Blood test not necessary for insurance company to reject claim over drunken driving: SC

In a notable judgment, the Supreme Court has recently held that a breath analyzer test or blood test as contemplated under the Motor Vehicles Act is not necessary for an insurer to repudiate an accident policy claim on the ground of drunken driving.

The SC held that if the insurance company is able to establish from the facts that the driver was under the influence of alcohol at the time of the accident, it will not be deprived of its right to exclude the policy benefit merely on the ground that the scientific tests for alcohol presence were not carried out.

A division bench comprising justices U.U. Lalit, Indira Banerjee and K.M. Joseph observed in the case of IFFCO Tokio General Insurance Company Ltd v Pearl Beverages Ltd., “…in cases, where there is no scientific material, in the form of test results available, as in the case before us, it may not disable the insurer from establishing a case for exclusion. The totality of the circumstances obtaining in a case, must be considered.”

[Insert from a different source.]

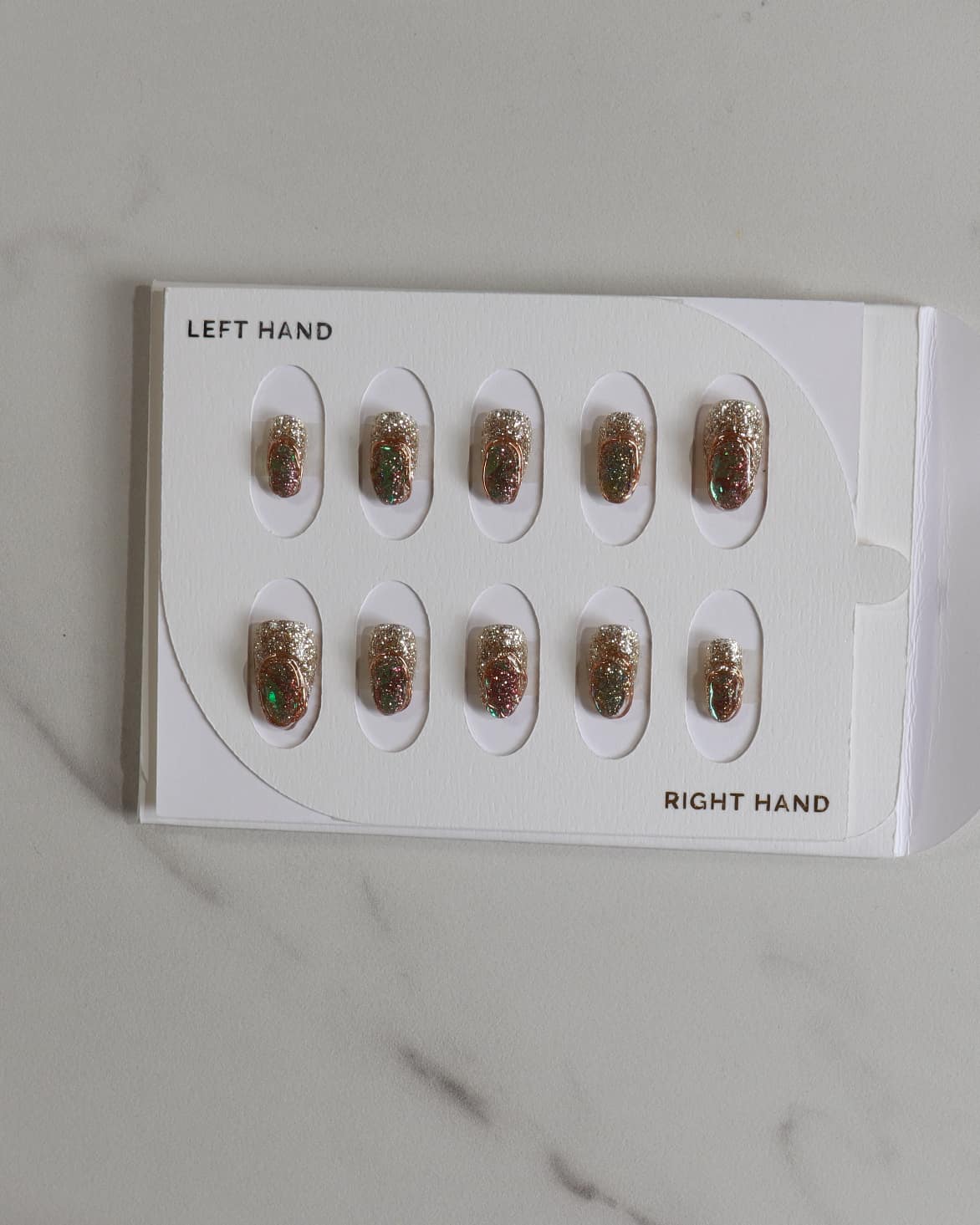 Set of gold nail art designs on a white card with 'LEFT HAND' and 'RIGHT HAND' labels on a marble surface.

Even if the exact alcohol content present in the body was not established, the insurer can invoke the exclusion clause in the policy contract, attendant circumstances show that the accident was caused while driving under the influence of alcohol.

 

Background:

The SC was considering an appeal filed by the insurance company against an order of National Consumer Disputes Redressal Commission which held the insurer at fault for excluding the policy liability on the ground of drunken driving. According to NCDRC, the insurer had to prove that the alcohol content was above 30 mg/100 ml of blood, as stipulated under Section 185 of the Motor Vehicles Act. NCDRC also held that without proving the said alcohol content presence through the scientific results of breath analyzer and blood tests as prescribed in Sections 203 and 204 of the MV Act, the insurer cannot exclude the liability

Holding so, NCDRC reversed the order of the State Consumer Disputes Redressal Commission which had rejected the complaint of the insured against the repudiation of the policy.

Findings of SC

The SC noted that case records showed that the smell of alcohol was emanating from the driver. The MLC report of the driver indicated the smell of alcohol. Even NCDRC proceeded on the basis that the driver had consumed alcohol, but had held that the alcohol content was not proved to be beyond the legally permissible limit. The SC also observed the requirement of Section 185 is in the context of a criminal offence.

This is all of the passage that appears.